Moisture Performance of Various Insulations
From fiberglass batts to rigid foams, virtually no insulation is immune to moisture reducing its thermal performance. However, the severity of the impact depends on how much moisture an insulation absorbs and how readily it releases moisture. Following is an overview of the moisture performance of several insulation types commonly used in building envelopes:
- Rigid foams
- Polyiso
- Extruded polystyrene (XPS)
- Expanded polystyrene (EPS)
Of course, a number of other insulation types also are available (such as spray polyurethane foam and mineral wool), but discussion of those is beyond the scope of this article.
Rigid Foams
While fiberglass batts are still widely used in stud walls, building professionals increasingly are turning to rigid foam insulation boards to meet code requirements for continuous insulation.

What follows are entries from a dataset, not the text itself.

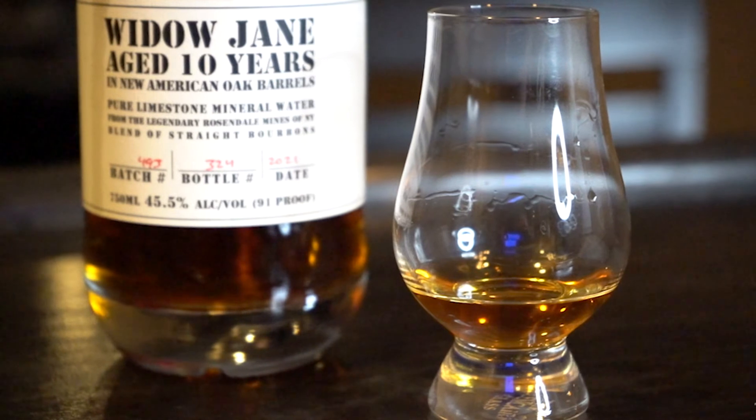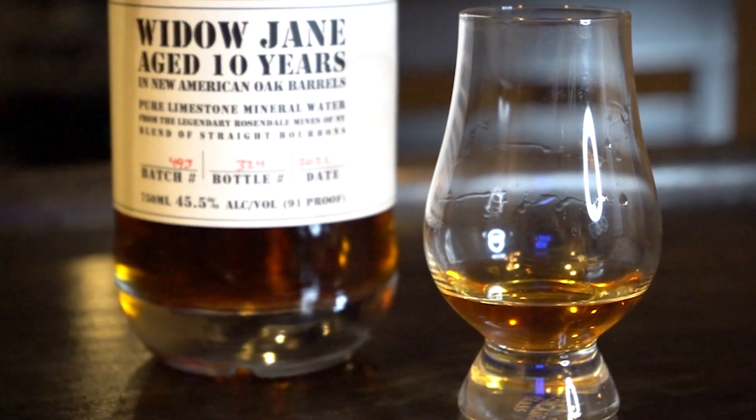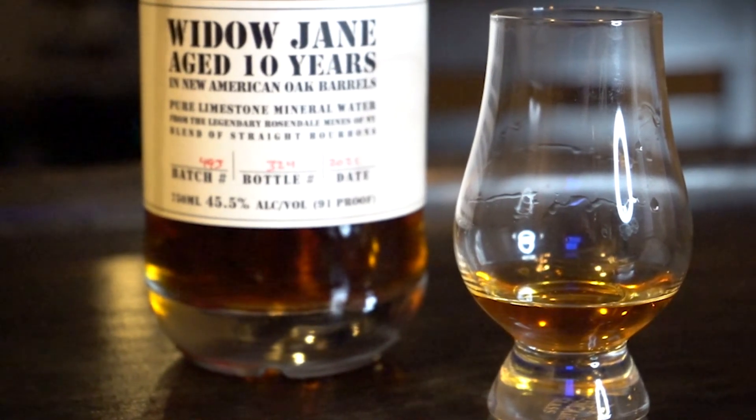We are cracked open. We have the Widow Jane poured in a glass and we are ready to go. A couple of notes about Widow Jane — this is bottled and proofed in New York, however it is Kentucky bourbon sourced from an as yet unnamed distillery, and it is proofed down with pure limestone mineral water from some fancy spring in New York. It gets proofed down to 45.5%, 91 proof.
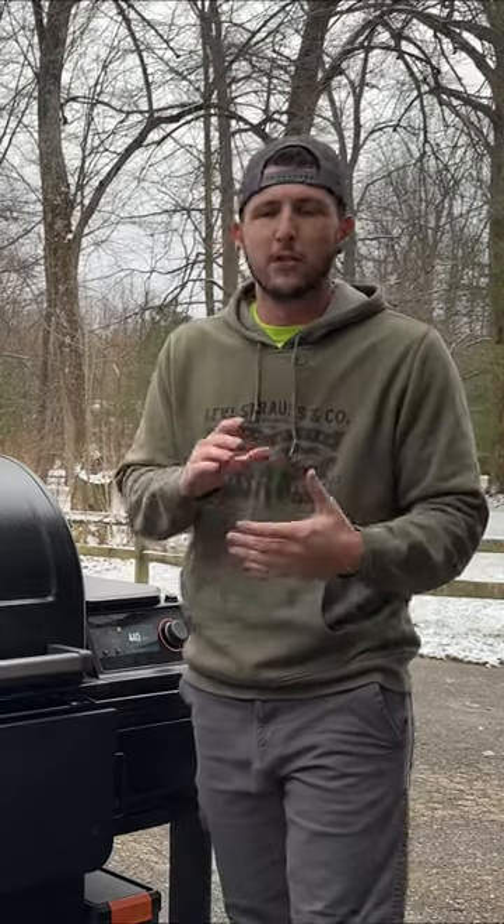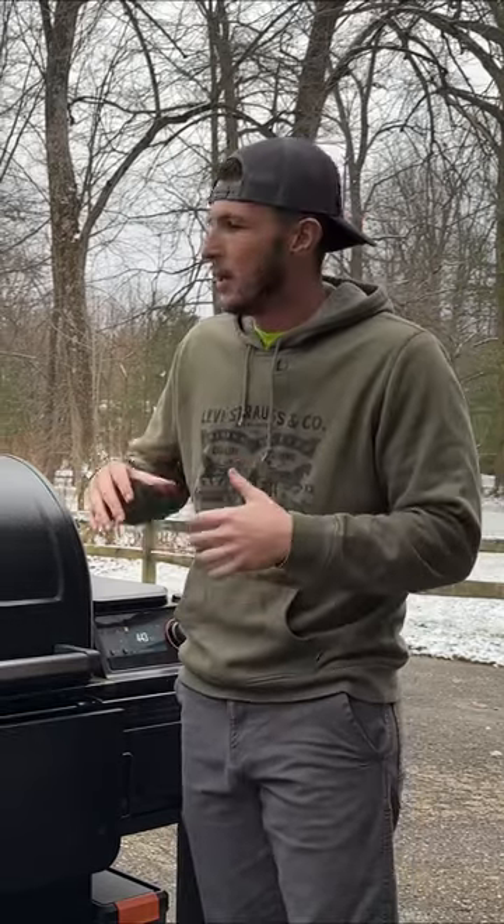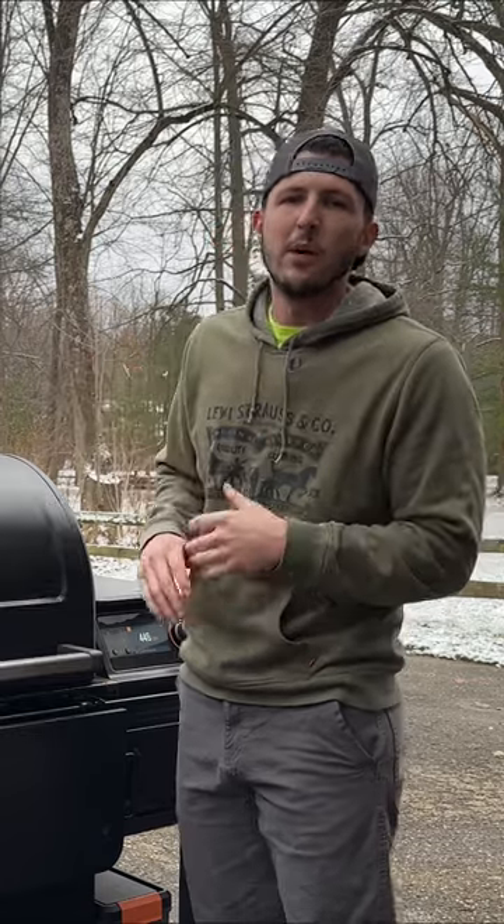What do you do when you've been trying to impress your family, friends, all of them, and you've just been grilling a whole bunch, your grill's looking dirty and grimy? You gotta go through a deep clean, especially on a pellet grill.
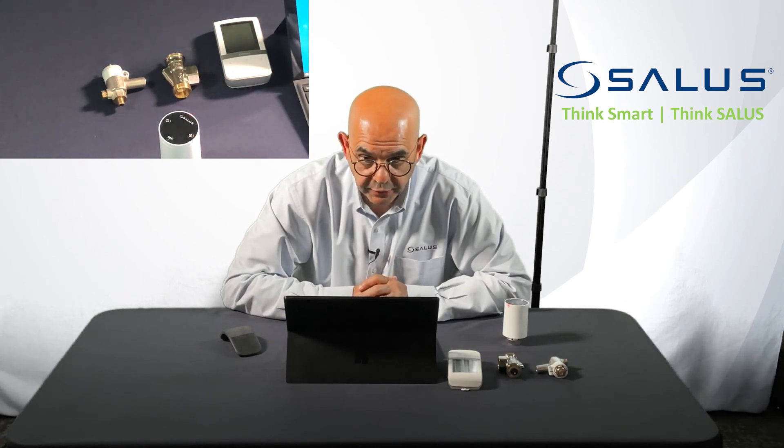That should get you going. If you have any questions, please contact SALUS North America. Thank you.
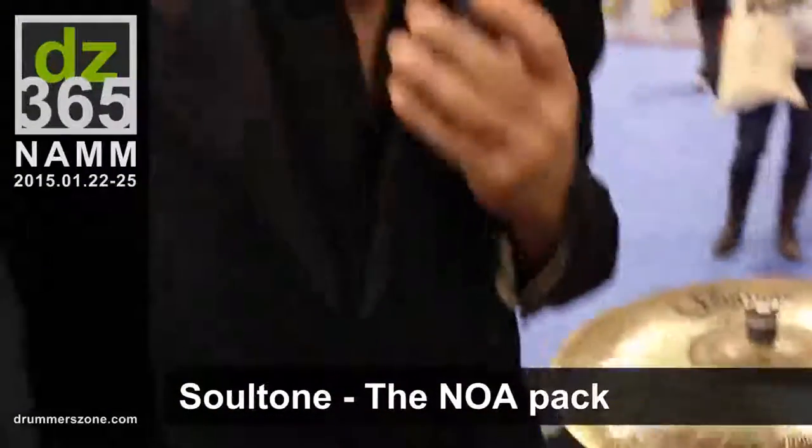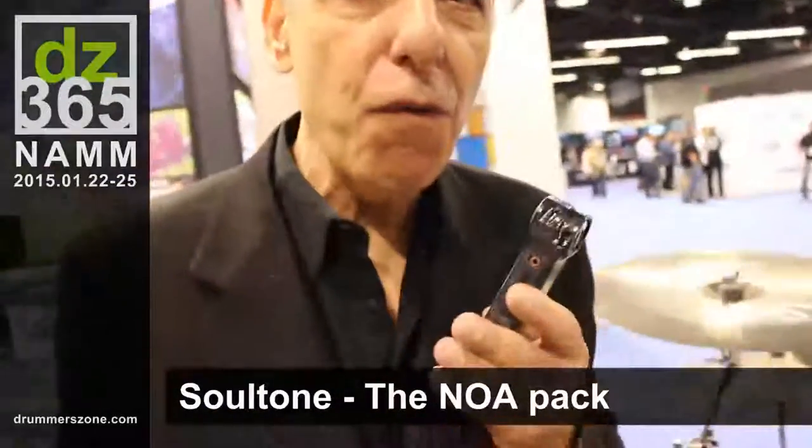This year we're announcing our very first cymbal pack, which is called the NOAA. Unlike most companies that are making cheap cymbals for beginners, which sound horrible, we feel for the beginners and we made a really professional cymbal. Just like everything else, it's called the NOAA pack and it's at a special price.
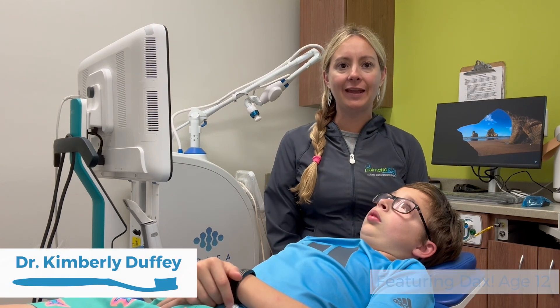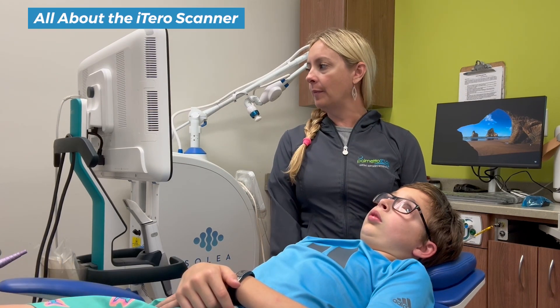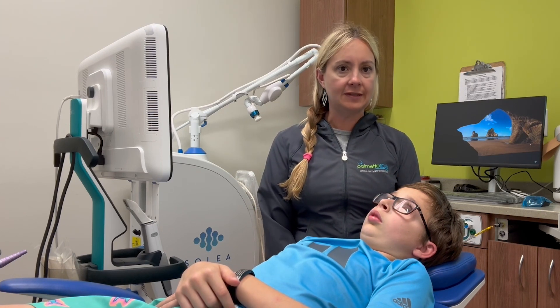Hello, it's Dr. Kimberly. We are here today to talk about a new scanner that we have. I wanted to show you how we use it and then I'm going to cut into a video so you can actually see the screen.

Although these products tend to provide better moisture performance than fiberglass batts, they vary in the degree to which they absorb moisture and experience R-value loss.
Polyiso
Because of the way they are made, all polyiso insulation boards are faced products. The facer type plays a role in the insulation’s moisture performance. Foil-faced polyiso boards have permeance (perm) ratings of about 0.3 according to the Polyiso Insulation Manufacturers Association. In part because of their low perm ratings, polyiso products often are used in wall and roof applications.
EPS and XPS
EPS and XPS insulations perform very differently when it comes to moisture. EPS tends to absorb small amounts of moisture quicker, but also releases it much faster than XPS does. This has led to confusion about which material performs best, as XPS comes out ahead in the laboratory, while EPS is superior in real-world applications.
Both insulations commonly are evaluated per ASTM 272, Standard Test Method for Water Absorption of Core Materials for Sandwich Constructions. In this test, insulation samples are fully submerged in water for 24 hours, then weighed for moisture absorption immediately upon removal from the water.

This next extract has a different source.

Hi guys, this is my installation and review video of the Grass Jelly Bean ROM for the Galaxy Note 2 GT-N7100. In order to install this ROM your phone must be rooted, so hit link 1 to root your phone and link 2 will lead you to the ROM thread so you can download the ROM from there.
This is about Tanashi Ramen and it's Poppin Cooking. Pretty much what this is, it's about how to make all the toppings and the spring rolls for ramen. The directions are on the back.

The problem is this test method is designed to ensure products are manufactured to required specifications, but does not adequately reflect real-world building conditions. Unless a building is subjected to extensive flooding, its below-grade insulation is almost never fully submerged as in the laboratory test. And, unless such flooding is prolonged, the test doesn’t consider how insulation dries between periods of moisture exposure.
An independent lab Stork Twin City Testing evaluated the moisture content of EPS and XPS buried side-by-side for 15 years on a building foundation in St. Paul, Minn. At the time the insulations were removed, the EPS had only 4.8 percent moisture by volume compared to 18.9 percent moisture content for the XPS. After 30 days of drying time, the EPS had dried to only 0.7 percent moisture by volume, while the XPS still contained 15.7 percent moisture.

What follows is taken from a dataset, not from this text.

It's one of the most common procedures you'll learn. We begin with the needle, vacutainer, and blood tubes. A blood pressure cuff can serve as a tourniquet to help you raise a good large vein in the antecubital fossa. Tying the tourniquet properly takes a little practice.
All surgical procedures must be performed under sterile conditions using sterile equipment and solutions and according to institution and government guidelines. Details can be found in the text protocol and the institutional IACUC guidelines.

The Stork Twin City Testing of the two insulations also showed the degree to which moisture absorption impacts R-value. The XPS insulation lost 48 percent of its R-value, compared to only a 6 percent decrease for EPS. For additional discussion of these results, see the EPS Industry Alliance’s Technical Bulletin 103, “15-Year In-situ Research Shows EPS Outperforms XPS in R-value Retention.”
Conclusion
While water may be the “elixir of life,” as Chinese philosopher Lao Tzu said, “Nothing is softer or more flexible than water, yet nothing can resist it.” Whether it is slowly wearing down a granite mountain through erosion, or sweeping away a village in a flood, water is indeed difficult to resist. The same is true for insulation, as moisture can permeate many insulations and reduce their thermal performance.
Although building industry professionals know to consider R-value when selecting insulation for their projects, given the substantial negative impact water has on thermal performance, it also is crucial to evaluate moisture performance.